Limitations & Future Work¶

Classification supervision operates only in the text-to-visual-encoder direction; enhancement in the image-to-text-encoder direction remains unexplored.
IDF weights are precomputed before training and cannot dynamically adapt to shifts in semantic distribution during training.
The linear classification head may limit the modeling capacity for more complex semantic relationships.
Improvements on certain specialized datasets (e.g., DSprites, SmallNORB, and other synthetic benchmarks) are marginal.

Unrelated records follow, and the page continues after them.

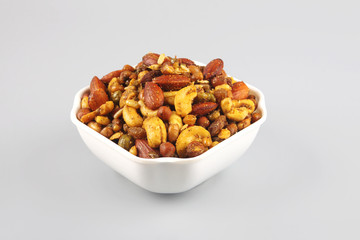 Indian traditional snack mixture with cashew nut and almond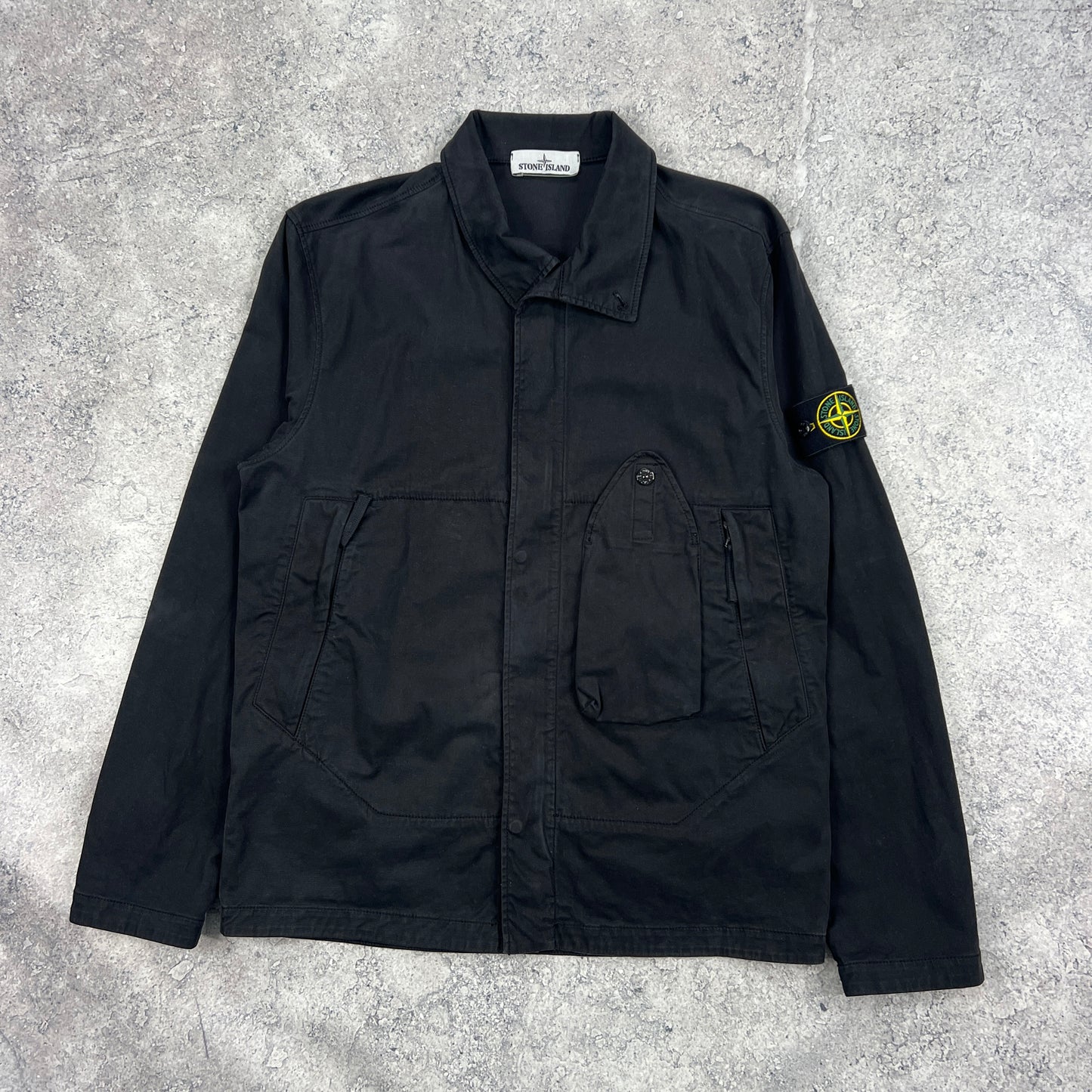 Stone Island Black Pocket Overshirt Medium 21.5”
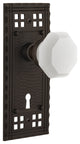 Craftsman Plate with Keyhole Double Dummy Waldorf White Milk Glass Knob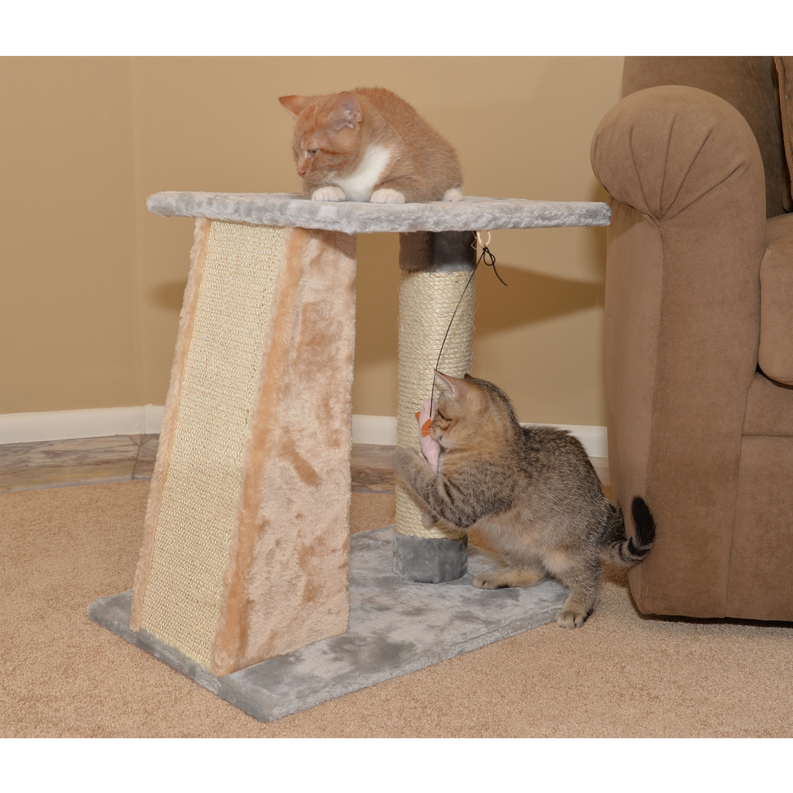 Armarkat  2 Level Platform Scratcher Real Wood Cat Post AeroMark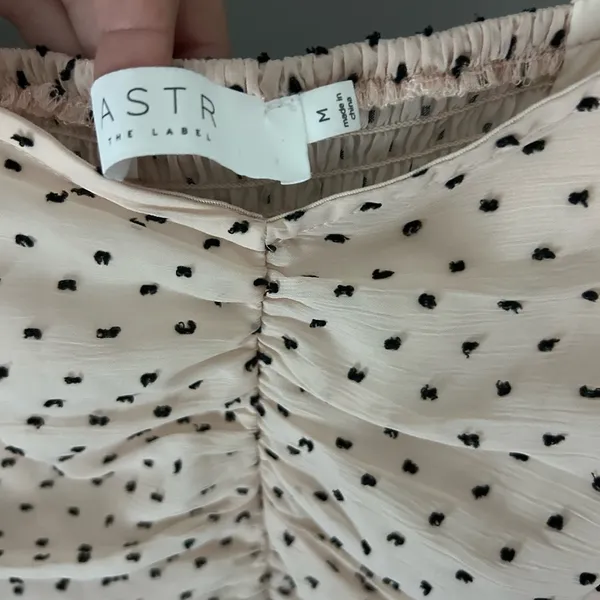 Astr The Label Cream and Black Polka Dot Mini Dress M - Image 4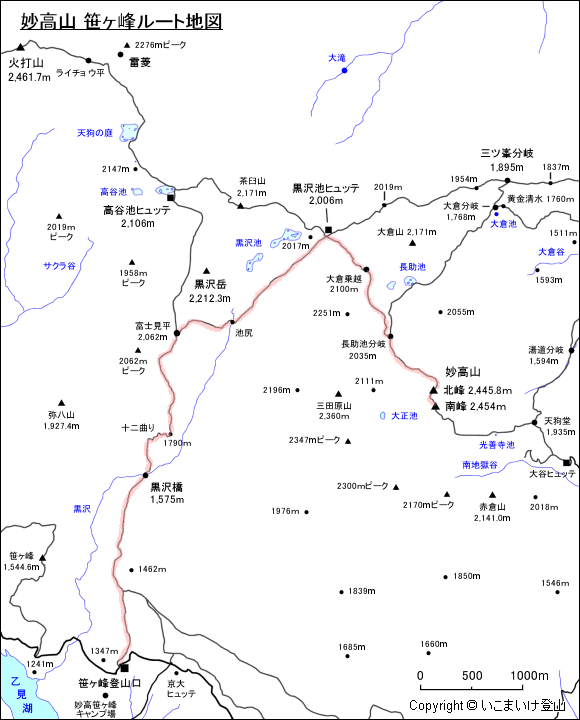 妙高山 笹ヶ峰ルート地図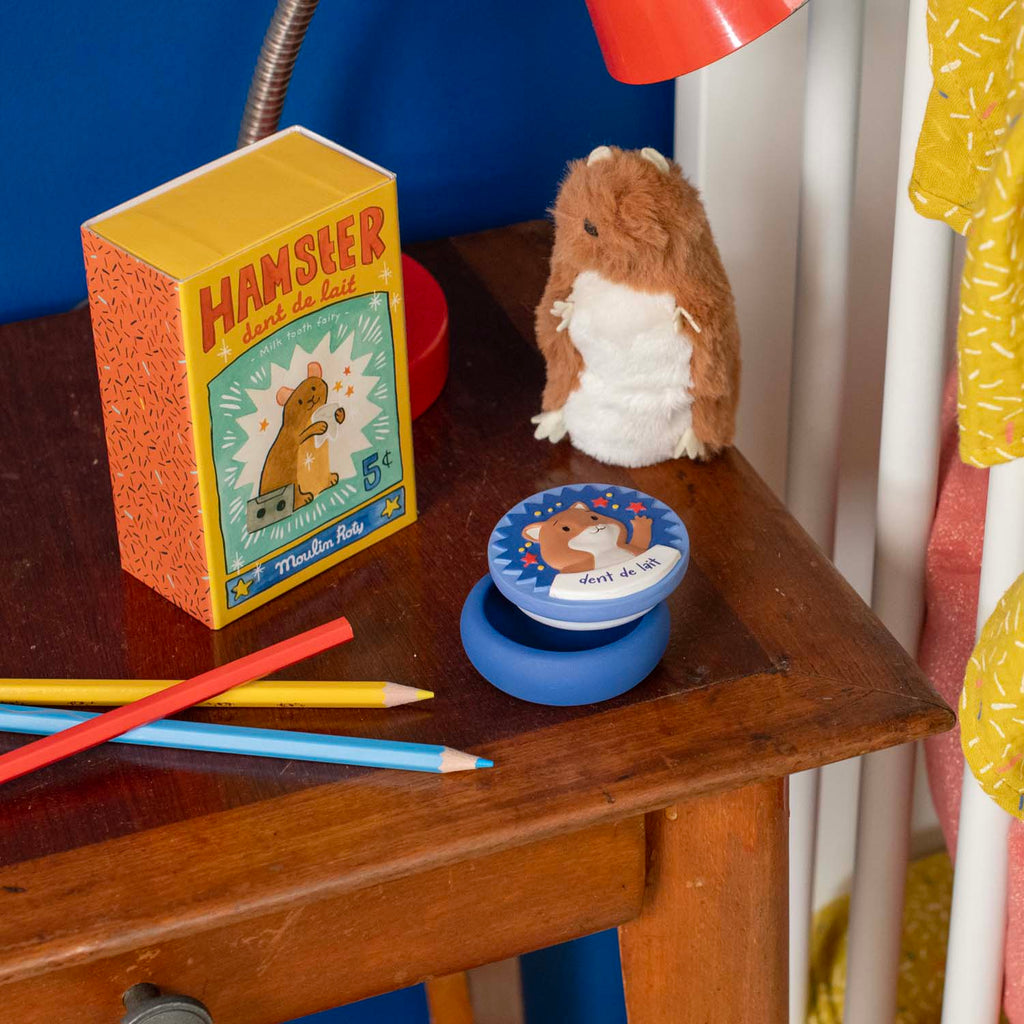 Hamster, milk tooth fairy with box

Orthogonal to methods such as RegionCLIP (region-level supervision) and Long-CLIP (long-text understanding), and can be combined with them.
The idea of classification supervision draws from Classification-based Supervision (Huang et al. 2024); this work scales it to CLIP pretraining.
Provides a general enhancement scheme applicable to other contrastive learning variants such as SigLIP and FLIP.
Implication: the information bottleneck in contrastive learning may be more severe than commonly assumed; supplementing with classification signals is a simple and effective remedy.

Rating¶

Novelty: ⭐⭐⭐⭐ The method is extremely simple yet the problem diagnosis is insightful; IDF weighting and DualCaption demonstrate genuine ingenuity.
Experimental Thoroughness: ⭐⭐⭐⭐⭐ Multi-scale models, cross-framework generalization, 38-dataset evaluation, MLLM integration, and batch size analysis.
Writing Quality: ⭐⭐⭐⭐⭐ Motivation is thoroughly analyzed and well supported by quantitative statistics.
Value: ⭐⭐⭐⭐⭐ Zero-overhead integration into any CLIP training pipeline; open-source code available.